* Material provided *
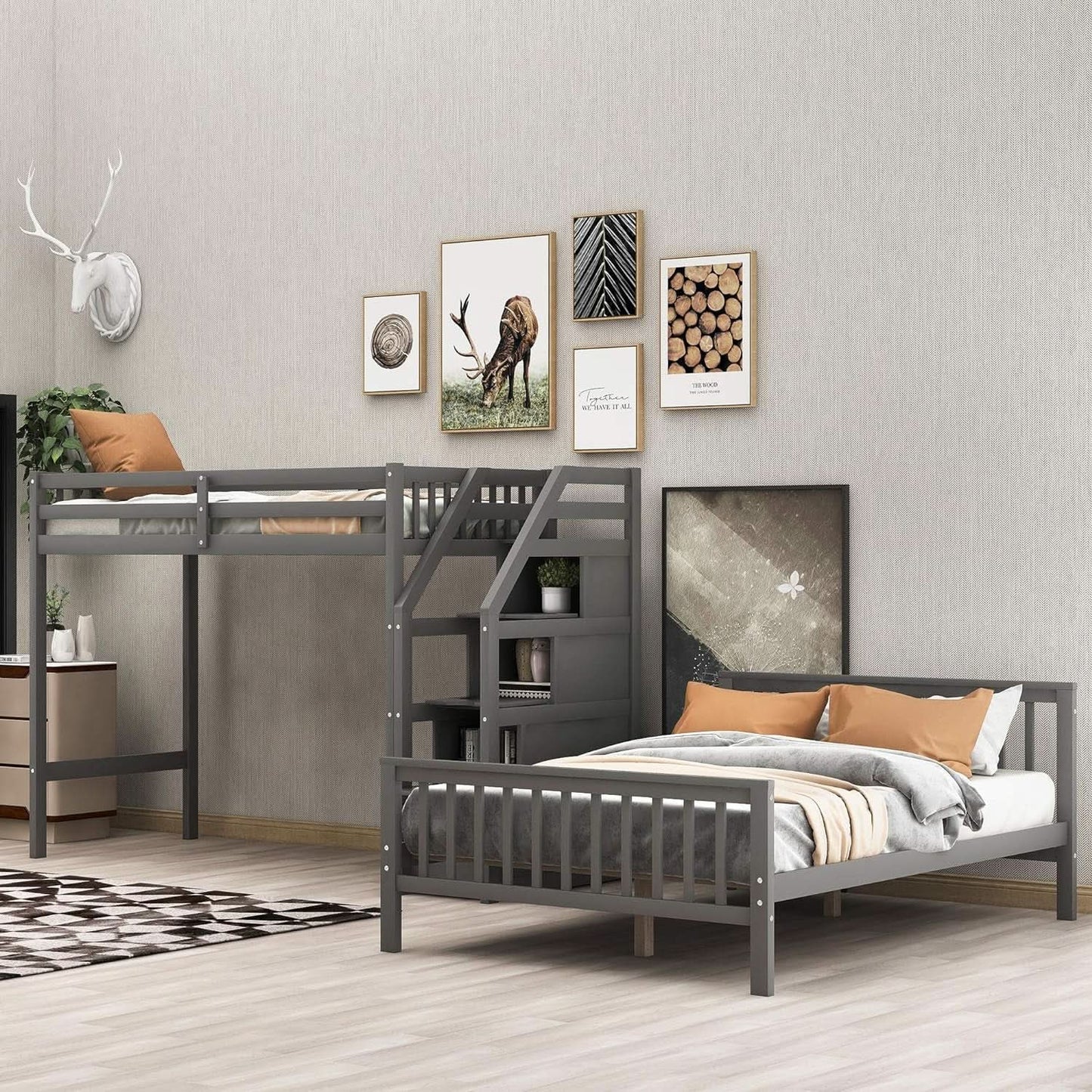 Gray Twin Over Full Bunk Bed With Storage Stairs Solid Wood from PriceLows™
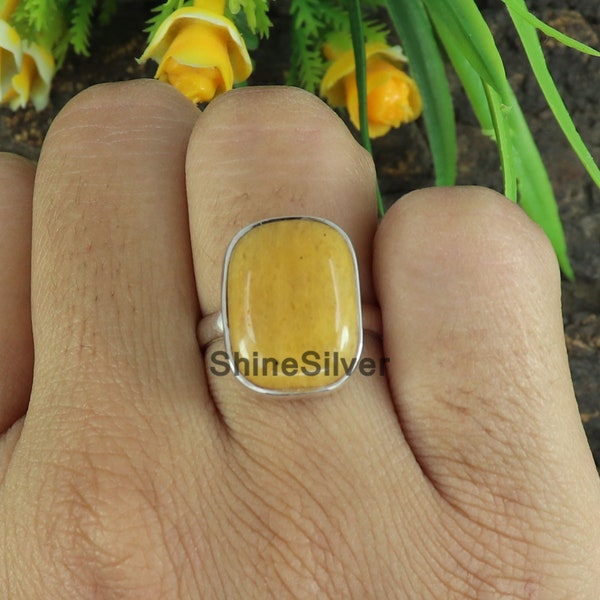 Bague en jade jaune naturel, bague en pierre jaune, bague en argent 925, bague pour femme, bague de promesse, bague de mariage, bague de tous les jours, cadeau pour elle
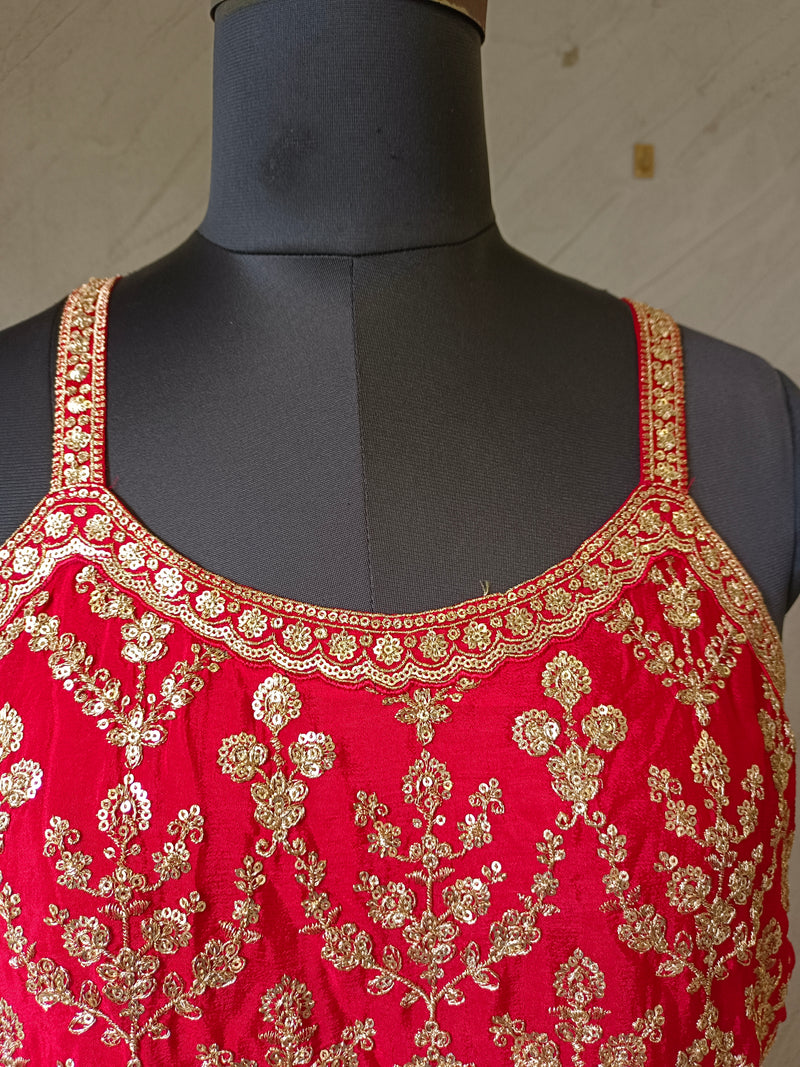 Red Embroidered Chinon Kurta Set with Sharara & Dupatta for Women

---

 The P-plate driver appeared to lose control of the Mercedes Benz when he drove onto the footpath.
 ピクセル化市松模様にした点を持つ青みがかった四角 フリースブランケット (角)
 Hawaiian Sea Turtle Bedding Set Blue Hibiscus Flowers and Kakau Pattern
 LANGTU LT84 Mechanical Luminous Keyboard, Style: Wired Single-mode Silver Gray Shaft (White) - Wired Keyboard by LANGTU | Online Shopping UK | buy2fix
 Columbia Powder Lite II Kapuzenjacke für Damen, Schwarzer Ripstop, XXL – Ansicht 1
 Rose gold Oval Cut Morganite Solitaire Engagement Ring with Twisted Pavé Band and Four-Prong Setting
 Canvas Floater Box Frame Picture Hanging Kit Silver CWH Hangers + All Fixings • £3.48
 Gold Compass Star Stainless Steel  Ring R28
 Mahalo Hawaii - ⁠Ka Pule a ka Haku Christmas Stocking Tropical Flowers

==

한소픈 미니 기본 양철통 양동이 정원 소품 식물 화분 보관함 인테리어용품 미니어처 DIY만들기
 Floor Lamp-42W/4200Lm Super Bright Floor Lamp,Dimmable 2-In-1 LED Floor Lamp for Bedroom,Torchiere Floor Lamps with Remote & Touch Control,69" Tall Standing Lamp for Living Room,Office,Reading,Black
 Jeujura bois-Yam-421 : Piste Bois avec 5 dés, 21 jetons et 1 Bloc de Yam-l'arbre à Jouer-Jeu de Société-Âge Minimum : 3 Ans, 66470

* Work instructions *
With the line holding "The P-plate driver" as the first and the line holding "Mahalo Hawaii - ⁠Ka" as the last, please transcribe exactly the lines of the material above in that range and nothing else.

* Finished exercise *
 The P-plate driver appeared to lose control of the Mercedes Benz when he drove onto the footpath.
 ピクセル化市松模様にした点を持つ青みがかった四角 フリースブランケット (角)
 Hawaiian Sea Turtle Bedding Set Blue Hibiscus Flowers and Kakau Pattern
 LANGTU LT84 Mechanical Luminous Keyboard, Style: Wired Single-mode Silver Gray Shaft (White) - Wired Keyboard by LANGTU | Online Shopping UK | buy2fix
 Columbia Powder Lite II Kapuzenjacke für Damen, Schwarzer Ripstop, XXL – Ansicht 1
 Rose gold Oval Cut Morganite Solitaire Engagement Ring with Twisted Pavé Band and Four-Prong Setting
 Canvas Floater Box Frame Picture Hanging Kit Silver CWH Hangers + All Fixings • £3.48
 Gold Compass Star Stainless Steel  Ring R28
 Mahalo Hawaii - ⁠Ka Pule a ka Haku Christmas Stocking Tropical Flowers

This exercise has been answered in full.